Asserting that the government has the capacity to overcome "this period of stress", Union Finance Minister Chidambaram today said the current account deficit will be contained below USD 70 billion this fiscal.

"Last year I was told by pundits, analysts and rating agencies and all the wise people who appear on televisions every day that we cannot contain the fiscal deficit.

"I'm happy that we were able to surprise them; ....We are told that the government cannot contain the current account deficit, I said last year we had the deficit of USD 88 billion, this year I'm betting at USD 70 billion, and I will contain it below 70 billion," he said at a State Bank of Mysore event here.

"Let me tell you, I will surprise them once again, we will contain it below USD 70 billion. I say this because we have intellectual capacity among our senior economists and administrators, we have the institutional capacity and above all we have our people who give us the confidence to overcome stress," he said.

Stating that "Our people save and that is a biggest asset to us", Chidambaram said, "people of India save like no other people anywhere in the world, in worst of times our savings ratio did not go below 30 per cent."

"If those savings are channelised into productive investment and if we create a climate where people can take risk, I have no doubt in my mind that we will be able to get over this period of stress."

Asking people to be confident, he said "this year our growth will be better than last year, and next year we should move to a growth close to between 6-7 per cent and in the year after that we must discover our true potential growth rate of 8 per cent."

Answering a question about his confidence in controlling the CAD, he said "The confidence comes from my knowledge of the numbers, from the fact that gold imports have sharply compressed in the month of July, August and September, exports have picked up briskly and smartly."

"Only yesterday the Governor (of RBI) said he has got USD 5.6 billion of FCNRB accounts, so I'm confident and I want you to share my confidence," he added.

While stating that people were facing the burden of high prices, Chidambaram said, "We don't fix the price of crude oil, it is fixed by someone else- we have to import most of it as per requirement.
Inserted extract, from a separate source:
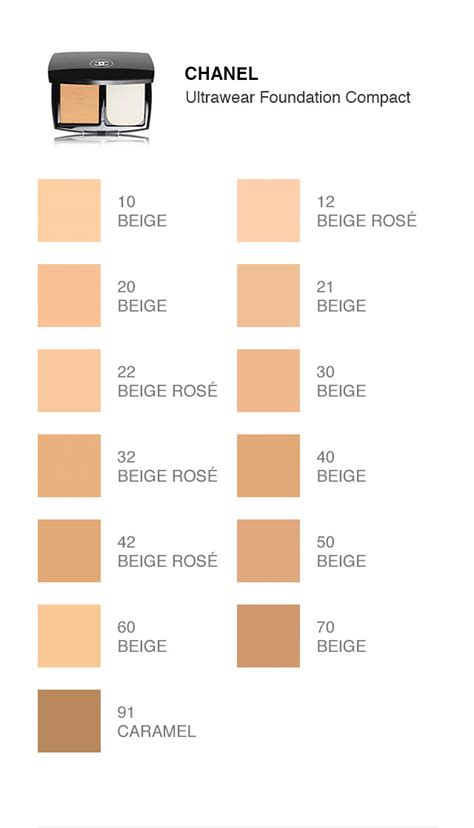 ingredients in chanel foundation|Chanel foundation color chart.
There is also burden of inflation- as international commodity price rise..."

"... There could be inflation, I know you bear burdens, but even while you bear the burdens I want you to reflect that certainly India today is much larger economy than what it was 10 years ago, what it was in 1991."

"....We don't make these crises, these crises are made elsewhere. We have to deal with the consequences of this crisis," he said.

He said the country has dealt with it in the past and that the situation today is no worse than what it was in 1991 or 1997 or 2008.

"We will get through this period of stress by emphasising on the fundamentals of the economy and doing the basic right things."

"We have to take the steps one by one- contain inflation, provide credit to sectors that require credit, unblock the stalled projects- get them growing, see to it that investment takes place, production and supply increase to meet the demand, and bring more and more people into the system," he said.

The Finance Minister also asked the banks not to be a clone of another bank. "We don't want clones, each bank must have its own culture, its own philosophy and should serve people in its own way."

"Reserve Bank will shortly issue licences to few more banks. I'm happy that the Governor has spoken about differentiated banks. We don't want more clones- we want each one of them to cater to the needs of special group of customers who don't have banking today," he said.

Chidambaram said there would there be competition, efficiency and progress if people attempt different things and do things differently.

"I sincerely hope that when the RBI grants new licences, they will underline the fact that each licence is different from the other and each bank that is coming into being will be different from the banks that we have today."

He said: "for long time we have harboured the myth that banks are meant to provide money to rich people and to corporate; ....nowhere in the world do corporate's come to the banks for working capital, it's only in India where large corporates come to a bank for working capital and banks lend them money."

"A corporate should go to market to get working capital. Banks are meant to serve largely poor and middle class. Individual customer needs bank more than a corporate," he said.

Stating that the poor in India are bankable, honest and good borrowers, the Finance Minister said, "I'm happy to say in comparison to the rich, the poorer India repay loans much better." "I would urge banks to shift the focus towards poor and the middle class, so that corporates are forced to go to the market- that is where they should go."